- Task instructions -
Output all entries exactly as they appear and skip the pictures.

- Exercise data -
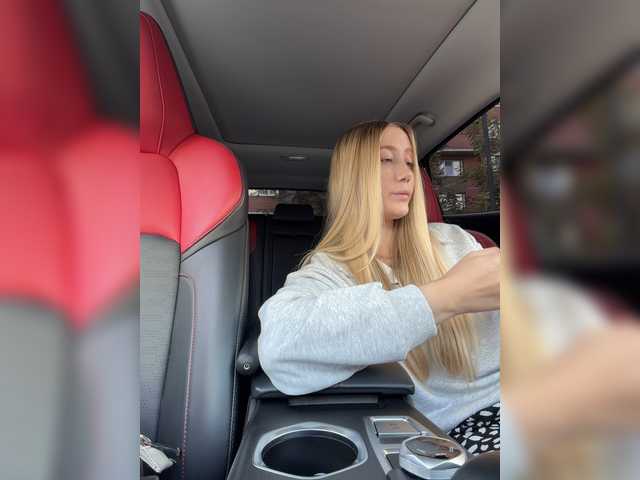 lana-lana03 live cam on BongaCams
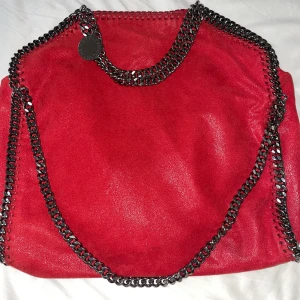 Stella mccartney falabella väska - Säljer min stora Stella väska! Så snygg röd färg, perfekt till hösten och perfekta storlek🥰🥰 nypris ca 8000kr. Äkta och inga defekter! Kan skicka mer bilder❤️🥰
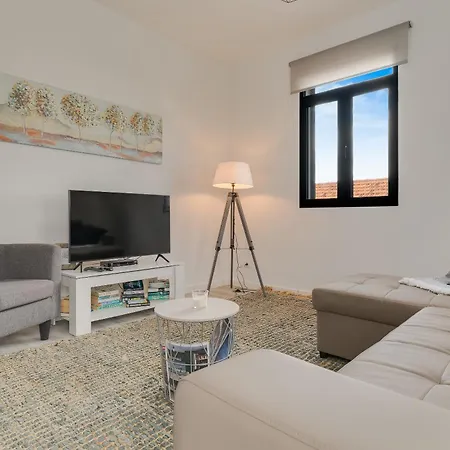 Lazareto Apartment By Holiday Rental Madeira-2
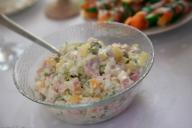 Дёшево и вкусно: интересный рецепт «Оливье» с добавлением необычных продуктов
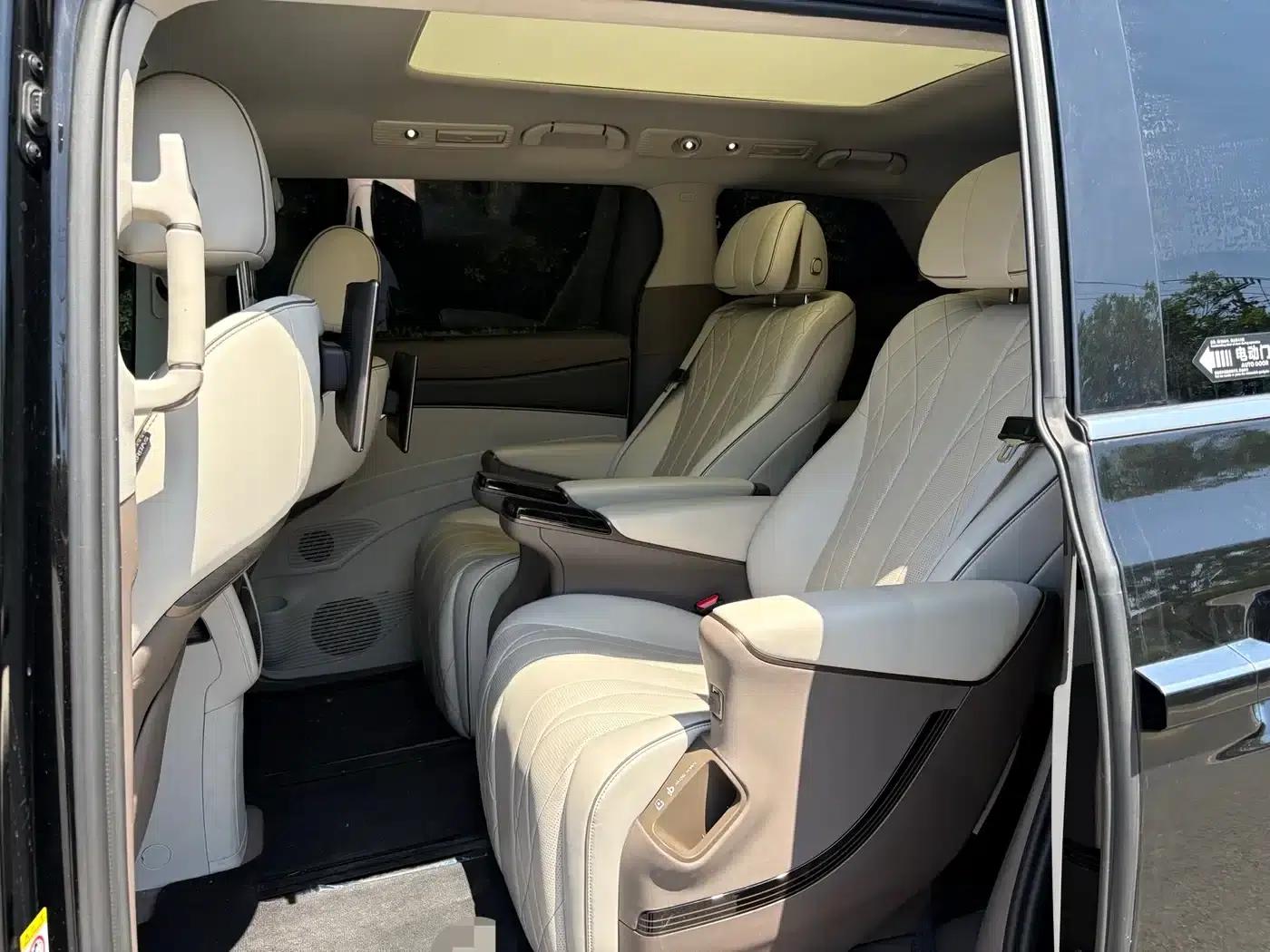 Denza D9 2022 DM-i 970 4WD Premium Edition — миниатюра 4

- Answer for the task -
 lana-lana03 live cam on BongaCams
 Stella mccartney falabella väska - Säljer min stora Stella väska! Så snygg röd färg, perfekt till hösten och perfekta storlek🥰🥰 nypris ca 8000kr. Äkta och inga defekter! Kan skicka mer bilder❤️🥰
 Lazareto Apartment By Holiday Rental Madeira-2
 Дёшево и вкусно: интересный рецепт «Оливье» с добавлением необычных продуктов
 Denza D9 2022 DM-i 970 4WD Premium Edition — миниатюра 4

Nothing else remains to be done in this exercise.